==== AVAILABLE RECORDS
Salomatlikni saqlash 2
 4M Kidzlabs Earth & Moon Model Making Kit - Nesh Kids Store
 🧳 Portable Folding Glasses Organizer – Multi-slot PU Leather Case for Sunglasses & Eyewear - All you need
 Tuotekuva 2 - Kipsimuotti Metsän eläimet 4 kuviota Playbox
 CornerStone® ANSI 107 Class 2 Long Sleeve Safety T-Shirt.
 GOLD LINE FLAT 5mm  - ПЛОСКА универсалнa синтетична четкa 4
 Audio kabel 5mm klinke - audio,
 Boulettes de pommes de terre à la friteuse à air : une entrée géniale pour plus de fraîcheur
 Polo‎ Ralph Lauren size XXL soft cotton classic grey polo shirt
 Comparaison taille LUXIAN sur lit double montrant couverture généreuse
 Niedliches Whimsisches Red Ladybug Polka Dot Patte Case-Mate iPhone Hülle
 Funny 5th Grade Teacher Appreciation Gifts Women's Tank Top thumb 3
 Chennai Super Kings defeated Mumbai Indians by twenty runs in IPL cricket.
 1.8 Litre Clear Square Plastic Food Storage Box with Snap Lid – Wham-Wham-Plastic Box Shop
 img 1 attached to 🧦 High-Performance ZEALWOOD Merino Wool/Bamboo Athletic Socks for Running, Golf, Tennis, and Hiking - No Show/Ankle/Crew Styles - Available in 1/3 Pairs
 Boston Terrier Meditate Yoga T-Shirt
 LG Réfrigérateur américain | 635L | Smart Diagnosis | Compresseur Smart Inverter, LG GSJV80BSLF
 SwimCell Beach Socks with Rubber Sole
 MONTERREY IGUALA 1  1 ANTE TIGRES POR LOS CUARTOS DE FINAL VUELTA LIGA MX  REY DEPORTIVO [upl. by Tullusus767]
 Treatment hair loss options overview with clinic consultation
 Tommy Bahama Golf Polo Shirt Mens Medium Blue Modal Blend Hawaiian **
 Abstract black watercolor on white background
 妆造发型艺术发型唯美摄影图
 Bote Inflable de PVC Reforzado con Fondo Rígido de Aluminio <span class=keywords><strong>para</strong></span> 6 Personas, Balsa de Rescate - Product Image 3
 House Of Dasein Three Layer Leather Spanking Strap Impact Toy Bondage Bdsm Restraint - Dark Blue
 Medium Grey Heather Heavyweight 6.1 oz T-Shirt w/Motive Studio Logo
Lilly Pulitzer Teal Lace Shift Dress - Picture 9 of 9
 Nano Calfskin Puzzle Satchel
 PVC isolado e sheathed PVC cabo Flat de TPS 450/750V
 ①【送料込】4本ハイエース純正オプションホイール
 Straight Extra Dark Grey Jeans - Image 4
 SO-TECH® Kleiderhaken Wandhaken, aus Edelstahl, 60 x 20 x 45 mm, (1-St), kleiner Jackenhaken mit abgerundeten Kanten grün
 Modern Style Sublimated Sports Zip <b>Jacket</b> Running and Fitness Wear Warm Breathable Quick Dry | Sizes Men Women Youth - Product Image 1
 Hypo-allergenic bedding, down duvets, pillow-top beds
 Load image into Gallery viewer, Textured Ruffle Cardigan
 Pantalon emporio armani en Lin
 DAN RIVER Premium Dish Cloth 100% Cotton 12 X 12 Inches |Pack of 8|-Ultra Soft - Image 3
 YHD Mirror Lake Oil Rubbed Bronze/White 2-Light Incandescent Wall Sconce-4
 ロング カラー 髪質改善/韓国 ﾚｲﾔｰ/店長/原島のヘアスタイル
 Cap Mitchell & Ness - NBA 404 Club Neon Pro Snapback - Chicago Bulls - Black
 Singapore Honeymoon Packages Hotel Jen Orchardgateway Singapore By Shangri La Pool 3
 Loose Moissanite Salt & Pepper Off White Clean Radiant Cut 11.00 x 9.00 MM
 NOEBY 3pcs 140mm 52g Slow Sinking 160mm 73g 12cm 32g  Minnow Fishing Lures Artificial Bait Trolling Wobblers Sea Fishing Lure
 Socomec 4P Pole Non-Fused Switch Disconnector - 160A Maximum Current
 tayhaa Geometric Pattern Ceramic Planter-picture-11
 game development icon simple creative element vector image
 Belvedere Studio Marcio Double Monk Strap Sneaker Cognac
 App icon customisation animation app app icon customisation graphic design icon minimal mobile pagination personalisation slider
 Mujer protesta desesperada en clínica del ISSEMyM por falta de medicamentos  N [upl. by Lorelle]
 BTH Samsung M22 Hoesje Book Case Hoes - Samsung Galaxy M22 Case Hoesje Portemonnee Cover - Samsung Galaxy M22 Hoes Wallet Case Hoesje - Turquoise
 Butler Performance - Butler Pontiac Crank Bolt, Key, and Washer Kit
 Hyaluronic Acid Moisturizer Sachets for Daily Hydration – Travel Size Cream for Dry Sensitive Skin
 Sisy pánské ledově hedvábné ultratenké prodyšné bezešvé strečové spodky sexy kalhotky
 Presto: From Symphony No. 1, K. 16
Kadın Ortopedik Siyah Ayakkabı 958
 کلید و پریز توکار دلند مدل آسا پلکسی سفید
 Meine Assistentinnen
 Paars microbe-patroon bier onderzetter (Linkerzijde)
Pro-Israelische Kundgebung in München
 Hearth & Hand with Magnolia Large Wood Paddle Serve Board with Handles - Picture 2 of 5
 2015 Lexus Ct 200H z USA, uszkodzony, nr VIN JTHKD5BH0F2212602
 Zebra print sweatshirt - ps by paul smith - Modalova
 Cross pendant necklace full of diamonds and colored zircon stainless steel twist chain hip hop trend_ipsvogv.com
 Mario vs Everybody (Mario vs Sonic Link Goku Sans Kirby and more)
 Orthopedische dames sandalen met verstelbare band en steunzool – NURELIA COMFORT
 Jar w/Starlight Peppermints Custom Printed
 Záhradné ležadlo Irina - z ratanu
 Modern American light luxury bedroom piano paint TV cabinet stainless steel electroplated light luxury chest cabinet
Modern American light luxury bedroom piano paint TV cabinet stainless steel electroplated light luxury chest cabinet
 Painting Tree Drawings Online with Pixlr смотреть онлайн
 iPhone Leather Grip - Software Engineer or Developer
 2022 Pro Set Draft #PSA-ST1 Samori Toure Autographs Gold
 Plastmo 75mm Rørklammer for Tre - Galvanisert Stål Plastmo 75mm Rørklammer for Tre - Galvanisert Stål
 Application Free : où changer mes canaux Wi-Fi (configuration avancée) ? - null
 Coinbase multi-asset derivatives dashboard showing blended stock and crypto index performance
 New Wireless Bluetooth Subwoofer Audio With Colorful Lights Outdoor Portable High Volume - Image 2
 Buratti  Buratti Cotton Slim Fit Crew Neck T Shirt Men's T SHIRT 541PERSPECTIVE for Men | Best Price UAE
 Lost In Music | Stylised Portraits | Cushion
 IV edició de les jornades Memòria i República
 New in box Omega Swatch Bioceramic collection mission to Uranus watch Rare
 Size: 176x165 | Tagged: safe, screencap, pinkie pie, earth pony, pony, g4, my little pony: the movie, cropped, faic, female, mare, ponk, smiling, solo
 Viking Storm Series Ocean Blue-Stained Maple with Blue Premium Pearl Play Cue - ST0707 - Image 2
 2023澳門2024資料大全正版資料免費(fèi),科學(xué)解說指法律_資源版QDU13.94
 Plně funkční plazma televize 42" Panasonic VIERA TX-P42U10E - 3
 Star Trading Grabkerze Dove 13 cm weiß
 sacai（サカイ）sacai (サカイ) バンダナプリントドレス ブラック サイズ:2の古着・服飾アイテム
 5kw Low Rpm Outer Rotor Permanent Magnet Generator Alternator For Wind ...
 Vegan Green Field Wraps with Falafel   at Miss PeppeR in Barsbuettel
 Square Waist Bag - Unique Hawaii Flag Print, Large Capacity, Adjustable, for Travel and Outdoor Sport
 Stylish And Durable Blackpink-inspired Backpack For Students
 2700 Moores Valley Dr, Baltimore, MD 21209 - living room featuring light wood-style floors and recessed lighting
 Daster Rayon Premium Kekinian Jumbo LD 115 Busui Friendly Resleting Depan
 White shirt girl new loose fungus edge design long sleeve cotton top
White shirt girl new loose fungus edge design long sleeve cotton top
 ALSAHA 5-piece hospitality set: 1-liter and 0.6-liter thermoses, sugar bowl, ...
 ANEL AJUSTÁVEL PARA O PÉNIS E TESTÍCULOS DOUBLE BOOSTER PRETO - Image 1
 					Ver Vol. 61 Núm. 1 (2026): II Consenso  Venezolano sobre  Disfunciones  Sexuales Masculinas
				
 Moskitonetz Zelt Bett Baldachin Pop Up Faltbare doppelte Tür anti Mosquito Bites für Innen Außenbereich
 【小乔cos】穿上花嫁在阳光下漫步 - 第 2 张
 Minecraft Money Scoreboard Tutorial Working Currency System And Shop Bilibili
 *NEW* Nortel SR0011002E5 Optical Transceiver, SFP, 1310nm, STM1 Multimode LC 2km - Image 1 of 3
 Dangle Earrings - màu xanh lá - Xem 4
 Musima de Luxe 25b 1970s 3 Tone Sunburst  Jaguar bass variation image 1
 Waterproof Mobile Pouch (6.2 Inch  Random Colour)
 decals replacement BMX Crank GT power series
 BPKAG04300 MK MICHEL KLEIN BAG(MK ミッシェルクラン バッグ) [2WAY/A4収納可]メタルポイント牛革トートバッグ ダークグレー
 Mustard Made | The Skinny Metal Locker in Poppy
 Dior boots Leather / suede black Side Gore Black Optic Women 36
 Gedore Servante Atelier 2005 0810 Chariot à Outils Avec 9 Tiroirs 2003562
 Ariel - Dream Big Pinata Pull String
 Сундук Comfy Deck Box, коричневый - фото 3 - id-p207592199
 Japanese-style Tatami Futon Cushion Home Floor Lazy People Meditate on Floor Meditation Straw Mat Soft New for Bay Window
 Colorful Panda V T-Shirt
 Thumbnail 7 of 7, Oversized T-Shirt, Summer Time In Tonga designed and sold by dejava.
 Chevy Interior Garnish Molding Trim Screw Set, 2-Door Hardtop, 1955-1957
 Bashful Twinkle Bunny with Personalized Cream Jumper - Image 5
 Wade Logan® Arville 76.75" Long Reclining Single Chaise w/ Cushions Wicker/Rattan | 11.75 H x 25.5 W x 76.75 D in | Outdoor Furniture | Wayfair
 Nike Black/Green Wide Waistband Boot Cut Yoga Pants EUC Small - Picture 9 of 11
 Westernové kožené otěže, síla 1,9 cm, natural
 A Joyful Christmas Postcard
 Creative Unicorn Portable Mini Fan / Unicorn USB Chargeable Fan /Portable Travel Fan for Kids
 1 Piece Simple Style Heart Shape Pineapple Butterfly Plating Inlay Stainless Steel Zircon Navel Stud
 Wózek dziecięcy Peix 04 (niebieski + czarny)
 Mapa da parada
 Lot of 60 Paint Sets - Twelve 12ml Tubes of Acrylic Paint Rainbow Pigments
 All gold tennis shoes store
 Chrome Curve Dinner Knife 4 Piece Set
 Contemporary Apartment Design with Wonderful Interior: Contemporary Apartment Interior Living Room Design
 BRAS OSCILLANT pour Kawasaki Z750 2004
========
Your answer should consist only of the lines above between the line holding "Dior boots Leather" and the line holding "Mapa da parada", inclusive, each transcribed exactly.

■ SOLUTION TO THE PROBLEM ■
 Dior boots Leather / suede black Side Gore Black Optic Women 36
 Gedore Servante Atelier 2005 0810 Chariot à Outils Avec 9 Tiroirs 2003562
 Ariel - Dream Big Pinata Pull String
 Сундук Comfy Deck Box, коричневый - фото 3 - id-p207592199
 Japanese-style Tatami Futon Cushion Home Floor Lazy People Meditate on Floor Meditation Straw Mat Soft New for Bay Window
 Colorful Panda V T-Shirt
 Thumbnail 7 of 7, Oversized T-Shirt, Summer Time In Tonga designed and sold by dejava.
 Chevy Interior Garnish Molding Trim Screw Set, 2-Door Hardtop, 1955-1957
 Bashful Twinkle Bunny with Personalized Cream Jumper - Image 5
 Wade Logan® Arville 76.75" Long Reclining Single Chaise w/ Cushions Wicker/Rattan | 11.75 H x 25.5 W x 76.75 D in | Outdoor Furniture | Wayfair
 Nike Black/Green Wide Waistband Boot Cut Yoga Pants EUC Small - Picture 9 of 11
 Westernové kožené otěže, síla 1,9 cm, natural
 A Joyful Christmas Postcard
 Creative Unicorn Portable Mini Fan / Unicorn USB Chargeable Fan /Portable Travel Fan for Kids
 1 Piece Simple Style Heart Shape Pineapple Butterfly Plating Inlay Stainless Steel Zircon Navel Stud
 Wózek dziecięcy Peix 04 (niebieski + czarny)
 Mapa da parada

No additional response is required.